* WORK TO COMPLETE:
Write out each record below exactly as it appears, with no pictures.

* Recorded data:
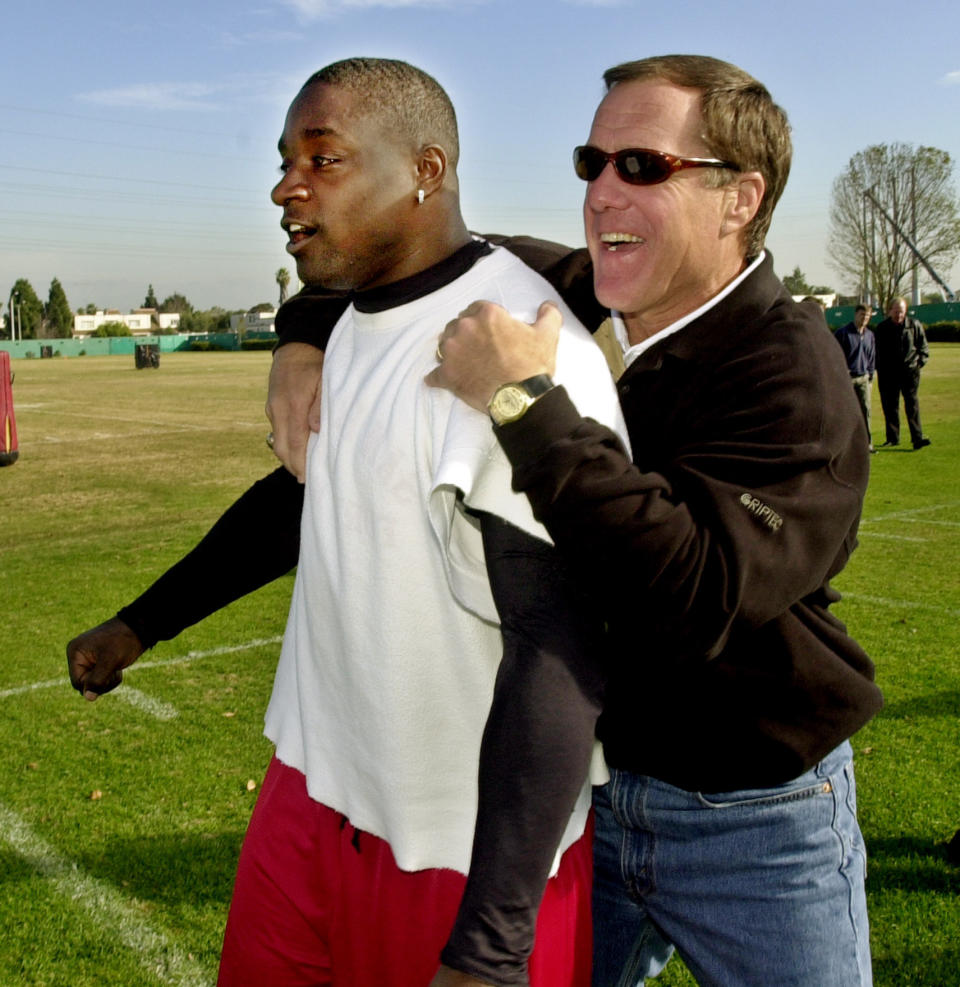 FILE - In this Thursday, Jan. 10, 2002, file photo, San Francisco 49ers running back Garrison Hearst, left, is congratulated by 49ers general manager Terry Donahue during practice at the 49ers training camp in Santa Clara, Calif., as Hearst won The Associated Press NFL Comeback Player of the Year Award. Donahue, the winningest coach in Pac-12 Conference and UCLA football history who later served as general manager of the NFL’s San Francisco 49ers, died Sunday, July 4, 2021. He was 77. (AP Photo/Paul Sakuma, File)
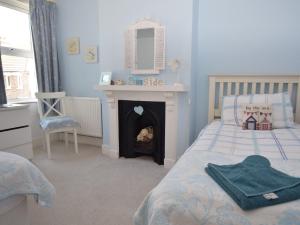 a bedroom with a bed with a fireplace and a mirror at 3 bed in Eastbourne EHC04 in Eastbourne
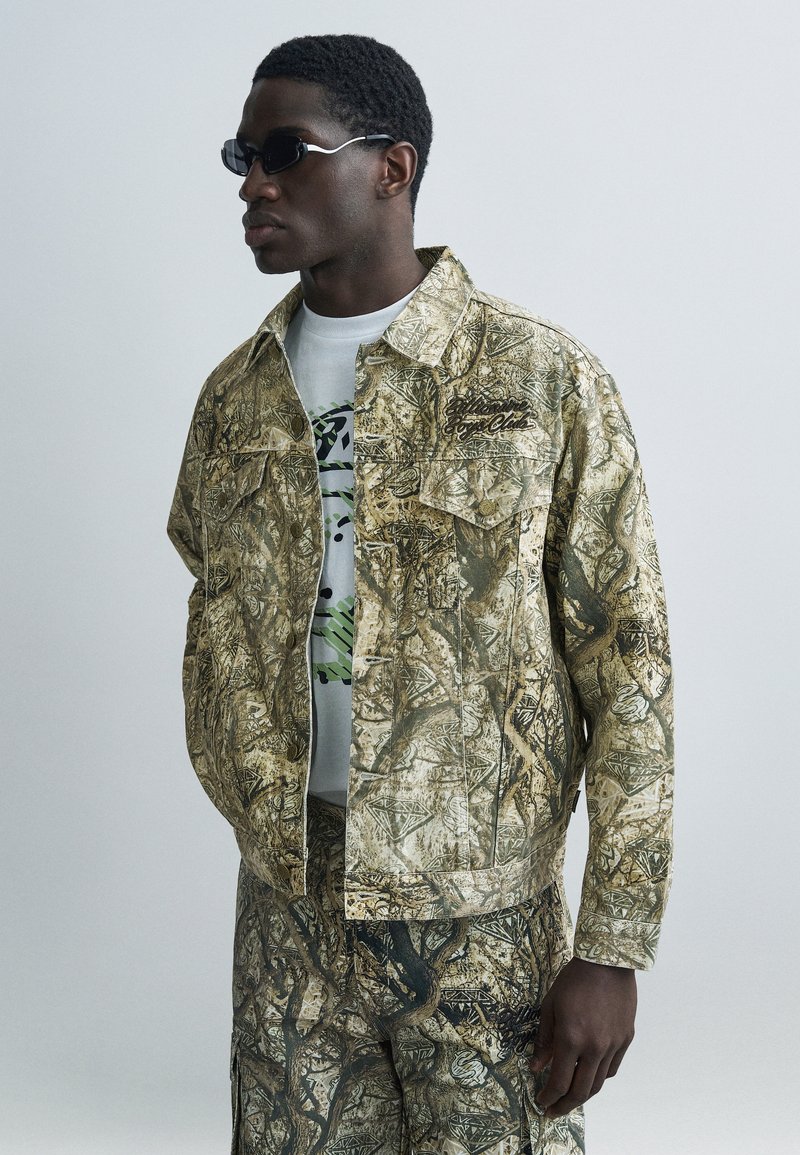 Μπουφάν και παντελόνι με καμουφλάζ σε αποχρώσεις μπεζ και πράσινου, κατασκευασμένα από ανθεκτικό ύφασμα. Διαθέτουν τσέπες στο στήθος και από μέσα υπάρχει ένα γραφικό λευκό μπλουζάκι.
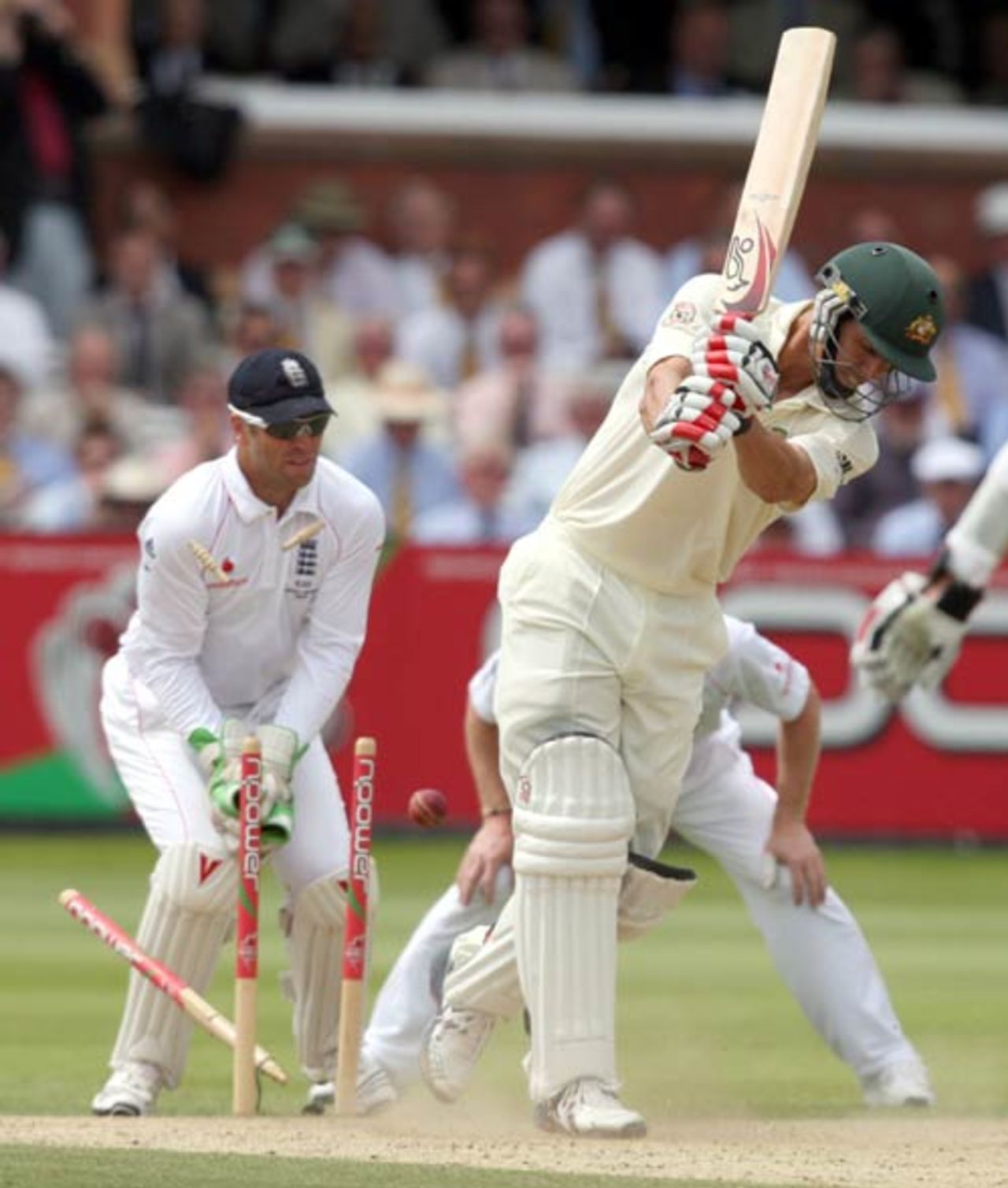 Mitchell Johnson is bowled by Graeme Swann, the final wicket in England's victory, England v Australia, 2nd Test, Lord's, 5th day, July 20, 2009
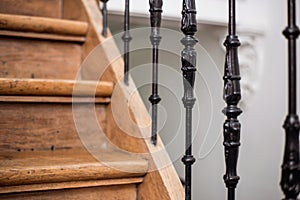 Staircase Handrailing in Old Historic Building. Interior Decor of Vintage Stairs with Metal Ornament and White Wall Background.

* REPLY TO THE TASK:
 FILE - In this Thursday, Jan. 10, 2002, file photo, San Francisco 49ers running back Garrison Hearst, left, is congratulated by 49ers general manager Terry Donahue during practice at the 49ers training camp in Santa Clara, Calif., as Hearst won The Associated Press NFL Comeback Player of the Year Award. Donahue, the winningest coach in Pac-12 Conference and UCLA football history who later served as general manager of the NFL’s San Francisco 49ers, died Sunday, July 4, 2021. He was 77. (AP Photo/Paul Sakuma, File)
 a bedroom with a bed with a fireplace and a mirror at 3 bed in Eastbourne EHC04 in Eastbourne
 Μπουφάν και παντελόνι με καμουφλάζ σε αποχρώσεις μπεζ και πράσινου, κατασκευασμένα από ανθεκτικό ύφασμα. Διαθέτουν τσέπες στο στήθος και από μέσα υπάρχει ένα γραφικό λευκό μπλουζάκι.
 Mitchell Johnson is bowled by Graeme Swann, the final wicket in England's victory, England v Australia, 2nd Test, Lord's, 5th day, July 20, 2009
 Staircase Handrailing in Old Historic Building. Interior Decor of Vintage Stairs with Metal Ornament and White Wall Background.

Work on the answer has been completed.